● Instructions for the task
From the listing below, restate word for word the lines from the line containing "Digital (digitalis) toxicity" down through the line containing "This is the". Exclude pictures.

● Records to process
········

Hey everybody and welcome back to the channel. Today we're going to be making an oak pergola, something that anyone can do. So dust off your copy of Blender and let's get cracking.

········

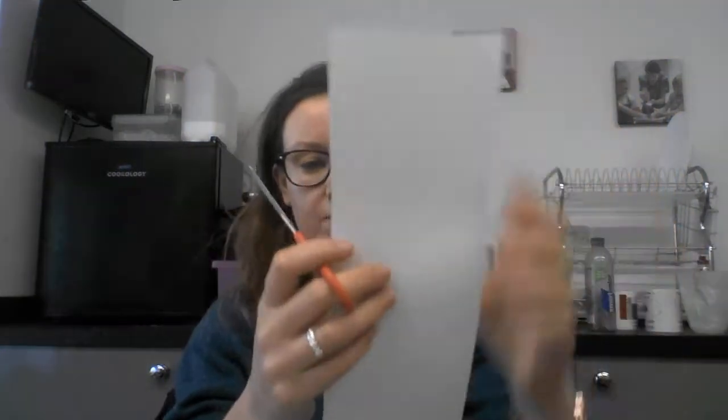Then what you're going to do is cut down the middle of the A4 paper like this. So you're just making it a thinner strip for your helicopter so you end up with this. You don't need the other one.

········

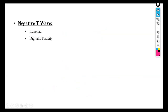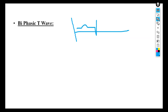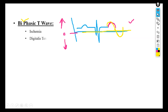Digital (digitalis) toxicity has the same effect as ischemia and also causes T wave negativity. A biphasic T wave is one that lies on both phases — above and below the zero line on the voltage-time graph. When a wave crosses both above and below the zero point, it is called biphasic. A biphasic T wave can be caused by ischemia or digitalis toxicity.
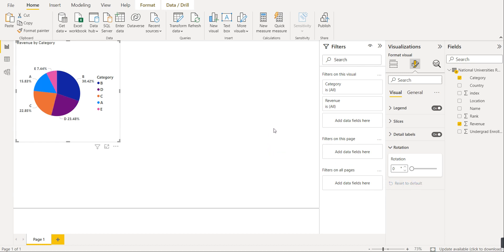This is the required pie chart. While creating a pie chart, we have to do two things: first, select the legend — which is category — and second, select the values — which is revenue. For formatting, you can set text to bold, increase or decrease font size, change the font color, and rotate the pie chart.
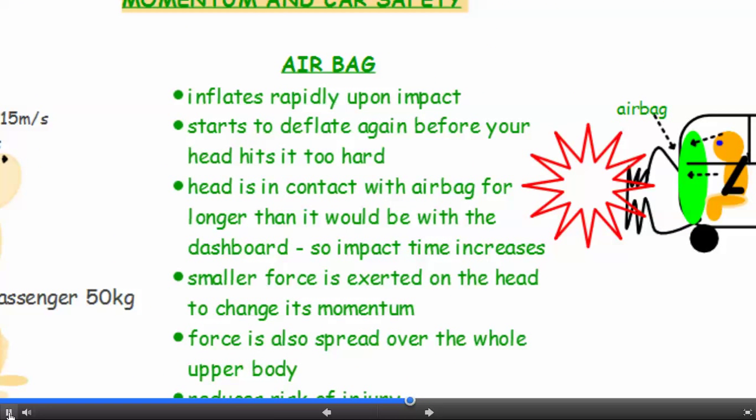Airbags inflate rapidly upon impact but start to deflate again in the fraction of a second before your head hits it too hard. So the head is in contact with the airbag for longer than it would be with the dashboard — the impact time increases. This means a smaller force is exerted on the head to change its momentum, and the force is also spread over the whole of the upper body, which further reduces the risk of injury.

········

● Solution
Digital (digitalis) toxicity has the same effect as ischemia and also causes T wave negativity. A biphasic T wave is one that lies on both phases — above and below the zero line on the voltage-time graph. When a wave crosses both above and below the zero point, it is called biphasic. A biphasic T wave can be caused by ischemia or digitalis toxicity.
This is the required pie chart. While creating a pie chart, we have to do two things: first, select the legend — which is category — and second, select the values — which is revenue. For formatting, you can set text to bold, increase or decrease font size, change the font color, and rotate the pie chart.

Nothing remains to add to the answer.